En outre, le requérant considérait que, en refusant de procéder à un réexamen de son classement en grade, la Commission avait méconnu son devoir de sollicitude et violé le principe de l'égalité de traitement consacré par l'article 5, paragraphe 3, du statut .

17. Dans l'ordonnance attaquée, le Tribunal a procédé à l'appréciation suivante:

«32 Selon une jurisprudence constante, les délais de réclamation et de recours fixés par les articles 90 et 91 du statut sont d'ordre public et ne sont pas à la disposition des parties et du juge...

33 Il est constant que le requérant n'a pas, dans le délai de trois mois prévu par l'article 90, paragraphe 2, du statut, introduit une réclamation dirigée contre la décision de l'AIPN du 18 janvier 1995 portant sur son classement lors du recrutement. Par conséquent, le classement en grade du requérant est devenu définitif à partir de l'expiration du délai de réclamation, soit le 31 août 1995, le requérant ayant accusé réception de la décision de l'AIPN le 31 mai 1995...

34 Le Tribunal rappelle que, ainsi que le juge communautaire l'a déjà jugé, un fonctionnaire ne saurait remettre en question les conditions de son recrutement initial après que celui-ci est devenu définitif...

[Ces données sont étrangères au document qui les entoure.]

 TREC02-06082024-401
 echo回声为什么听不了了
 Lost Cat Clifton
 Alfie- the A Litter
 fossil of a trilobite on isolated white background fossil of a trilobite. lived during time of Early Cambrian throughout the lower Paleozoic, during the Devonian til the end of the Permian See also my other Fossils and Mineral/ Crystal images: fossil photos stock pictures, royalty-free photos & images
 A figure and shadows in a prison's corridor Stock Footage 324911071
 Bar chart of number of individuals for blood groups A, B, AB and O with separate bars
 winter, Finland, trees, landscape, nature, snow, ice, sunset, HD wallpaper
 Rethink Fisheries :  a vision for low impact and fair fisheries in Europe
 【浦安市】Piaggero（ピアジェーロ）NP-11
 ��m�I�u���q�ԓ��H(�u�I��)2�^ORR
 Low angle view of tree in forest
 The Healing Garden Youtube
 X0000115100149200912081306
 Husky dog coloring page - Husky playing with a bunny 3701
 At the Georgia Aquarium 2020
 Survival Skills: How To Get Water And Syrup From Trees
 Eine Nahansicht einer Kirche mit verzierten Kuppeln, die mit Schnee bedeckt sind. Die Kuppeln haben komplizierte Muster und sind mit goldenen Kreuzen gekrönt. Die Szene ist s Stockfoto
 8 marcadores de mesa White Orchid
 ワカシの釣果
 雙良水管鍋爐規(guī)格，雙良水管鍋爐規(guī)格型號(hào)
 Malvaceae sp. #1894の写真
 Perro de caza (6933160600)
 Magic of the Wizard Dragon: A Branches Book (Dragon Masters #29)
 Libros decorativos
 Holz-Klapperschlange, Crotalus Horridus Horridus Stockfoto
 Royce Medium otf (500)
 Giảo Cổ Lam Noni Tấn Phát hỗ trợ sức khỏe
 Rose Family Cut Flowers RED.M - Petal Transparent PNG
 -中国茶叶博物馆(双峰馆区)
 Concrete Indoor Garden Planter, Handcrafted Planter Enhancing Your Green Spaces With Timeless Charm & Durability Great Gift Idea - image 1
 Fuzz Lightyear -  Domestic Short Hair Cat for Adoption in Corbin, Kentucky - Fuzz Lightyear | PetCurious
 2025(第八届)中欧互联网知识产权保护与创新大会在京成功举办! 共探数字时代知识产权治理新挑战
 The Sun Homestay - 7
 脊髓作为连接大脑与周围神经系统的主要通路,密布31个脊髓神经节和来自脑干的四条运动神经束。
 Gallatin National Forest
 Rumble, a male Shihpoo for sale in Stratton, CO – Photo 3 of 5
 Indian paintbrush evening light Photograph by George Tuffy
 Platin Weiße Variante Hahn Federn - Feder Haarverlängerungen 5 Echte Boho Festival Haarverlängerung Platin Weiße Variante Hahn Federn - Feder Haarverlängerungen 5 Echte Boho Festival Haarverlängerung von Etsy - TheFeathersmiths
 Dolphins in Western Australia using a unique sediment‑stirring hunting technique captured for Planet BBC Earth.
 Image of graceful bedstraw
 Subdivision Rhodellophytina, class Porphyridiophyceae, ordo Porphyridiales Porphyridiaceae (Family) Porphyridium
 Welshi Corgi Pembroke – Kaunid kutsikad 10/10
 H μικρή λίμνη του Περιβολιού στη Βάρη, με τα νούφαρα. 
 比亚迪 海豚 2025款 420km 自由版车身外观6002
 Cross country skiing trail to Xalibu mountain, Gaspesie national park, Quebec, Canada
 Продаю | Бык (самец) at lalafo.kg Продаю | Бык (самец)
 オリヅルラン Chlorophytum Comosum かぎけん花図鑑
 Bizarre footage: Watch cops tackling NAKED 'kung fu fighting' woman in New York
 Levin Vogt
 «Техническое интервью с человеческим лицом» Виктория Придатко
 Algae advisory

35 Le Tribunal considère que la demande [de reclassement] du requérant du 24 juin 1996 vise précisément à remettre en question les conditions de son recrutement initial, notamment son classement en grade. Il y a lieu de souligner, à cet égard, qu'il ressort du libellé de ladite demande que le requérant était d'avis qu'il avait l'expérience et les qualifications suffisantes pour demander un réexamen de [son] classement réel... Toutefois, l'article 31, paragraphe 2, du statut porte sur le classement
en grade lors du recrutement initial. Dès lors, même s'il convient, comme le soutient le requérant, d'interpréter sa demande en ce sens qu'elle ne tendait qu'à obtenir la révision de son classement actuel et non pas de son classement à la date de son recrutement, il n'en reste pas moins que cette demande, fondée sur l'article 31, paragraphe 2, du statut, visait nécessairement à remettre en question les conditions de son recrutement initial.

36 À supposer même que la demande [de reclassement] du 24 juin 1996 doive être interprétée de manière restrictive, ainsi que l'a proposé le requérant ... c'est-à-dire comme visant uniquement à obtenir une appréciation de ses qualifications en vue d'une application éventuelle de l'article 31, paragraphe 2, du statut, il n'en reste pas moins que cette demande est susceptible de mettre indirectement en cause la décision de l'AIPN du 18 janvier 1995, laquelle est devenue définitive.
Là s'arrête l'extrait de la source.